# EoM: Summoning/Conjuration. Why not Challenge Rating instead of Hit Dice?



## Great Cthulhu (Dec 13, 2002)

Mongoose uses Challenge Rating for its Demonologist PrC and it works great. CRs are ball park figures that take into account allot more than just listed Hit Dice does. Theres a big difference between an elephant and a balor.

So using CRs for these spell lists would seem like a good idea.


----------



## RangerWickett (Dec 13, 2002)

I'll wait for CZ to post before I tell him I told ya so.  

No, hit dice was a simpler way, overall.  I'll let CZ tell it from his P.O.V.


----------



## Cyberzombie (Dec 14, 2002)

We fought many a bloody fight over that.  And, actually, until I saw the final draft, I thought Ranger Wickett and CR had won.

RW wanted to go with CRs for the same reason you did.  I am very un-trusting of them, myself.  I threw the supposedly CR9 Bebilith at a 9th level party.  If I hadn't stripped it of about half its powers after the battle started, it would have been a Total Party Kill.

Maybe that CR is fixed in the errata.  I dunno.  I downloaded them, but I haven't even looked at them.  And I bet most people haven't even gotten that far.  I just don't trust published CR's.

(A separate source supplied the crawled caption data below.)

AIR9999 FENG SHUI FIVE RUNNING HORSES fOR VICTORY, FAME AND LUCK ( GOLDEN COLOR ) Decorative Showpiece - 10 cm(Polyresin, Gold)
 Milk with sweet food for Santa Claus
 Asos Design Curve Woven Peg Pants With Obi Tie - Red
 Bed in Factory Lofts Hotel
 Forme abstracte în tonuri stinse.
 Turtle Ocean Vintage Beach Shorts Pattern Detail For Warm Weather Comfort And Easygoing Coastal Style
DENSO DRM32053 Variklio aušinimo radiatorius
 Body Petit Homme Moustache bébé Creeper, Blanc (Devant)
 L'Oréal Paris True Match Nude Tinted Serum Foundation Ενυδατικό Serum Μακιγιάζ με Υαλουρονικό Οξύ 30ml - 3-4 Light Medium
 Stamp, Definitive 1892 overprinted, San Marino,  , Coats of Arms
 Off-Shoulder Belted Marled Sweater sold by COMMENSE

BTW, Summon Outsider should have the same HD chart as Summon Elemental.


----------



## nharwell (Dec 15, 2002)

Did you use the same numbers for the CR version of the spell list? If not, would you mind posting the numbers you did use? I only use CRs for summoning-type spells.  While I won't argue that CR can be problematic, hit dice is a much worse indicator of power. There are vast disparities of power between monsters of similar hit dice and I've found CR to work better, even if it's not perfect. Using hit dice for summoning limits is akin to using Strength -- it does serve as an indicator of power in some circumstances; in most, however, it is not a particularly useful measurement.


----------



## Great Cthulhu (Dec 15, 2002)

I would like to see the Challenge Rating versions as well. Could you please post them?


----------



## Cyberzombie (Dec 25, 2002)

I'll get those in the FAQ so that people have a choice, since it seems to be about 50/50.  I'll have to look up the Bind list, but for summon, you can just use the table from Dragon 302:

Level:  CR
 1:       less than 1
 2:       1
 3:       2
 4:       3
 5:       4-5
 6:       6-7
 7:       8-9
 8:       10-11
 9:       12-13

edit: I hate trying to post tables on message boards.  Razzle frazza morgle bargle growf...


----------



## Great Cthulhu (Dec 26, 2002)

Thanks.

Looking at the table though I feel it might be a bit too much on the conservative side.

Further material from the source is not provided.